What’s at stake in Lima?

Elizabeth May

I am in Lima, Peru for the 20th Conference of the Parties (COP) of the U.N. Framework Convention on Climate Change (UNFCCC). COPs within the UNFCCC are the on-going process working to develop a comprehensive treaty to ensure greenhouse gas (GHG) levels to do not rise more than 2 degrees C global average temperature above pre-industrialized revolution levels. Every year since 1994 there has been a negotiation session.  “COP20” means we have been at this for 20 years. The negotiations have been brutal.  They ended in disaster at COP15 in Copenhagen.
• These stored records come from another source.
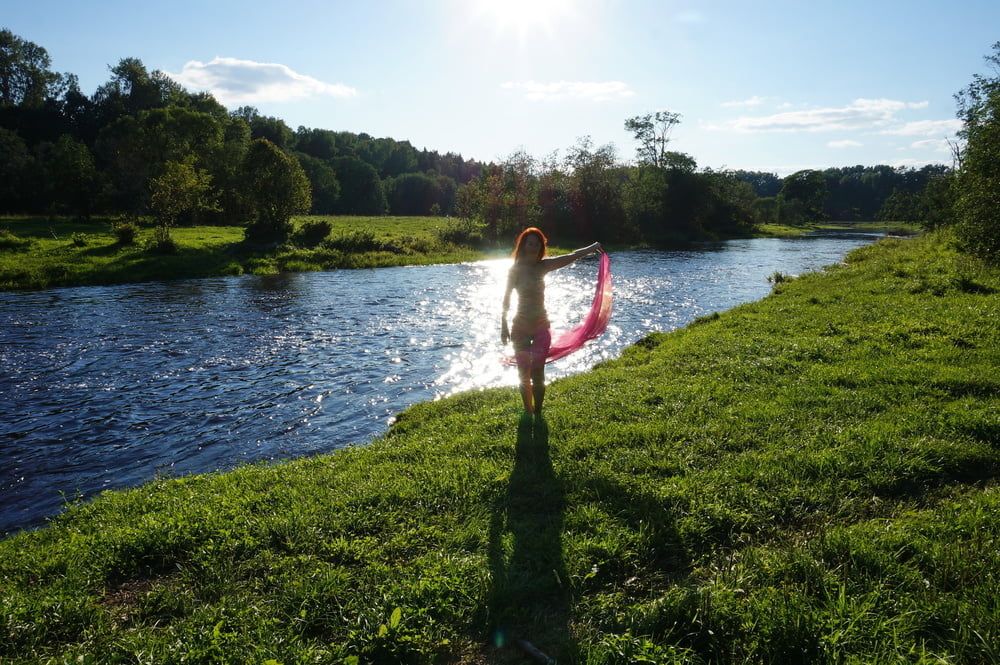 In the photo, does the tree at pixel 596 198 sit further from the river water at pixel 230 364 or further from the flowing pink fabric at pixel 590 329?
the flowing pink fabric at pixel 590 329

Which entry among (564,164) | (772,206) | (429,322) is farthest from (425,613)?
(772,206)

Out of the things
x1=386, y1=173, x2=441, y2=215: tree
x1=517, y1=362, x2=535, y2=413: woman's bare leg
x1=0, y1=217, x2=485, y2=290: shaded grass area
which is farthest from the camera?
x1=386, y1=173, x2=441, y2=215: tree

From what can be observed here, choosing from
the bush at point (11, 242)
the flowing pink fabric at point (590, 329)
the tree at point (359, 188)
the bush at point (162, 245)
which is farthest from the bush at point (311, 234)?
the tree at point (359, 188)

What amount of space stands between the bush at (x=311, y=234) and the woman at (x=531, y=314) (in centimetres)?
3981

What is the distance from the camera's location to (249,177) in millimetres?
44812

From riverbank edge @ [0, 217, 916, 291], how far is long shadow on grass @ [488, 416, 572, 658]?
33254 mm

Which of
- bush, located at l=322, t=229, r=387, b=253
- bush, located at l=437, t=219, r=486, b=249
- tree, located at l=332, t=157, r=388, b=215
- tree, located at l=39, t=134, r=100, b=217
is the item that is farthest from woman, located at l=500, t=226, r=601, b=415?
tree, located at l=332, t=157, r=388, b=215

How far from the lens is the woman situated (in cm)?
918

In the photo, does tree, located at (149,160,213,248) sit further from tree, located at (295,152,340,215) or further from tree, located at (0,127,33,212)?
tree, located at (295,152,340,215)

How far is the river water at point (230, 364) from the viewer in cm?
1029

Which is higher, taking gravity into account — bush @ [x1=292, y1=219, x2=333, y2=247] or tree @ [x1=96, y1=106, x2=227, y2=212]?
tree @ [x1=96, y1=106, x2=227, y2=212]

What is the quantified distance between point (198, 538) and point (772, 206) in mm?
162694

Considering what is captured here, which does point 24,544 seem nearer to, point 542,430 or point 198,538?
point 198,538

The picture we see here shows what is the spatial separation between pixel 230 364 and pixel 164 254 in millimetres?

Since then, halting progress has been made with a negotiation track and a new deadline – COP21, December 2015, set for Paris.

Although a process that was nearly dead after Copenhagen has been resuscitated, we are not on a trajectory for a strong treaty. And we must get there within a year. If you remember my dispatches from last year’s COP in Warsaw, we lost precious time at COP19.  The best that can be said of the Warsaw meeting was that we prevented the talks from sliding backwards.  COP19 also created a requirement for each nation to announce their domestic targets by the end of March 2015.

The halting process means that Lima and COP20 are crunch time. The negotiating text (in UN-lingo “elements of the text”) for COP21 next year must be ready six months ahead.  It must be translated into the six official languages of the UN system.   All the heavy lifting has to be done in Lima.  

That is why UN Secretary General Ban Ki-moon invited world leaders to a special Climate Solutions Summit in New York in September.  And it is also why civil society organizations grabbed hold of Ban’s initiative to hold the largest ever peoples’ march for climate action on September 22.  Still, with all that additional pressure and media coverage highlighting the urgent need for climate action, the negotiations in Bonn October 20-25 (a meeting of a sub-group of COP mandated since Durban’s COP17 in 2011, called the “Ad Hoc Working Group on the Durban Platform for Enhanced Action,” or “ADP”)  were cautious, lacking the serious momentum we need.  The language is moving away from “legally binding targets” to “pledge and review.”  And in Bonn there was pressure to remove the “and review” part of that climb down.

In this context the long awaited US-China deal breathed new oxygen into the process.  The US and China pledges (with the US promising to cut GHG by 26% below 2005 levels by 2025 and China promising to ensure its emissions stop rising - or “peak” – and to have 20% of its power generation from non-fossil sources - both by 2030) are not individually or collectively enough.  Nevertheless, most climate activists have celebrated the announcement.  

The Secretary-General of the UN climate process, Costa Rican diplomat Christiana Figueres, had this to say in a statement from Berlin: “This positive momentum opens the door for all major economies and in particular all other industrialized nations to bring forward their contributions to the Paris agreement in a timely fashion over the coming months...Investors have long called for policy certainty. (The US-China) announcement is a firm and positive step towards that as we look towards Paris 2015.”

Her statement hits one of the key reasons that the comprehensive deal can make the difference we need.  We need a signal to investors that putting money in long-term fossil fuel projects is a bad investment.  It is encouraging that former Canadian Governor of the Bank of Canada and now Governor of the Bank of England, Mark Carney, told a recent World Bank seminar that the “vast majority of reserves are unburnable.”

I am the only Canadian Member of Parliament, other than Environment Minister Leona Aglukkaq, attending COP20.  But I am far from the only Canadian here with a goal of real climate action.  Both the Ontario and Quebec Ministers of Environment are here and their sights are set on deeper reduction cuts led by sub-national governments.  Glen Murray, Ontario’s minister, is an old friend of mine from his days as Mayor of Winnipeg.  His presence here, along with his Quebec counterpart David Heurtel, hold hope that other national delegations will realize that Canada’s views on the need for climate action are not reflected in our national policies under Stephen Harper. 

These conferences create opportunities for like-minded jurisdictions, whether cities, states or provinces to work on their own deals.  Imagine California, Ontario and Quebec working for deeper cuts.  The populations of those jurisdictions begin to form the critical mass to drive national governments.

So far reports of the first week show some encouraging progress in negotiating the elements of a text for COP21.  I look forward to picking up my credentials (once again I am not allowed on the Canadian delegation) and getting to work tomorrow. Will write a blog a day to keep you up to date.